Com pouco tempo no cargo, Xi pode não ter tido participação direta, mas três anos depois ele visitou as grandes Redações de órgãos ligados institucionalmente ao governo, como a rede CCTV, e ao partido, como o Diário do Povo, e deixou as coisas claras: "Os meios de comunicação dirigidos pelo partido e pelo governo" devem falar por eles, mais precisamente, por sua "autoridade e unidade".

Em quase uma década de Xi, o veículo de referência se tornou o Global Times ou Huanqiu, tabloide nacionalista com versões em inglês e chinês.

"Parte do Grupo Diário do Povo, ele é um um cata-vento útil para a direção que as políticas vão seguir", descreve Bishop, ressaltando o protagonismo de Hu Xijing, seu editor-chefe, atuante em plataformas como Sina Weibo e Twitter: "Hu se transformou numa celebridade, mais até na China do que fora".

No Ocidente, já foi perfilado por New York Times e outros, buscando entender como um manifestante da Praça da Paz Celestial em 1989 se tornou o jornalista mais ruidoso nas respostas aos governos Trump e agora Biden, inclusive conclamando a China a ampliar seu arsenal nuclear.

Ele não é a única celebridade do jornalismo chinês.
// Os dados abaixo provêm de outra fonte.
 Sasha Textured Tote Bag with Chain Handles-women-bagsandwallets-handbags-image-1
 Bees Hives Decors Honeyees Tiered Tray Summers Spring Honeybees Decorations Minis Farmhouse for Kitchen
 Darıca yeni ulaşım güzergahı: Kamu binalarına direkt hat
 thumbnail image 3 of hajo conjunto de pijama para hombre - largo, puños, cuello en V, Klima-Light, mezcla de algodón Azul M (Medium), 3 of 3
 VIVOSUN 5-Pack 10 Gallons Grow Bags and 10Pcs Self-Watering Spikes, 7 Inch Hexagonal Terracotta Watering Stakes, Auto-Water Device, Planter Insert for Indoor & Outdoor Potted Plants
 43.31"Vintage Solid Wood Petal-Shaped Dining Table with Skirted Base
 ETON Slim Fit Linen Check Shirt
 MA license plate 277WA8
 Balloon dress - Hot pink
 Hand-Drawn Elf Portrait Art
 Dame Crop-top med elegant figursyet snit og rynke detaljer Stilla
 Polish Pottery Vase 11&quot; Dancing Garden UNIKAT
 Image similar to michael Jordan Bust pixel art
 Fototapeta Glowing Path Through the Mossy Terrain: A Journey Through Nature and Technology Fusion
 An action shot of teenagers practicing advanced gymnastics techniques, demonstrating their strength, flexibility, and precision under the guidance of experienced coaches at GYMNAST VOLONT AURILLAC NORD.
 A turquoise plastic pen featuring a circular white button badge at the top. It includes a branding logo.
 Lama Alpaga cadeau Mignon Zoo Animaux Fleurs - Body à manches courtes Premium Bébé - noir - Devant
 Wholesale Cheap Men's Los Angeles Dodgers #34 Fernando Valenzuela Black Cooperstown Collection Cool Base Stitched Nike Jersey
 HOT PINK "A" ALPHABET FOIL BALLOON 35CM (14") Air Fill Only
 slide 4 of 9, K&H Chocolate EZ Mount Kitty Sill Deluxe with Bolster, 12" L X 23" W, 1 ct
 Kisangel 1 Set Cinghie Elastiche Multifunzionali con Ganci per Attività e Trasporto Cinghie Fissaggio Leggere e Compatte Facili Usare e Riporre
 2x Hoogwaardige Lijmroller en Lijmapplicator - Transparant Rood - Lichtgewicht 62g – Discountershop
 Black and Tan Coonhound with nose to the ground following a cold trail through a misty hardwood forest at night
Hu Shuli fundou, foi editora e agora é publisher da Caixin, de Pequim. Originalmente uma revista, virou uma operação de cobertura econômica que abrange sites em chinês e inglês e índices financeiros.

Também ela já foi perfilada por New Yorker e outros interessados no terror que espalha nas autoridades chinesas e na aparente amizade de juventude com Xi Jinping.

Em "The Party" (HarperCollins, 2010), livro de referência sobre o PC Chinês, Richard McGregor descreve um jantar de que participaram Hu e o presidente de um dos maiores bancos estatais chineses, membro do partido. Os anfitriões garantiram que a conversa seria sigilosa mas o executivo reagiu com ironia: "Estou preocupado é com a senhora-escândalo ali".

A Caixin, entre outros casos recentes, entrevistou o médico de Wuhan que tentou alertar para o coronavírus e foi ameaçado por um membro local do PC Chinês -e pouco depois morreria, de Covid-19.

Outros títulos chineses de grande repercussão, inclusive no exterior, chamam a atenção mais por seus donos, bilionários saídos da explosão do setor de tecnologia no país.

É o caso do Guancha em Xangai, de Eric X. Li, que Bishop descreve como "um 'venture capitalist' de sucesso que apresenta uma imagem cosmopolita e sofisticada para o mundo", mas produz um "veículo populista". Foi o Guancha que entrevistou Lula sobre o PC Chinês, há duas semanas.

Também é o caso do South China Morning Post em Hong Kong, comprado em 2015 por Jack Ma, do Alibaba. Para Bishop, "Ma provavelmente se arrependeu, parece trazer só dor de cabeça política".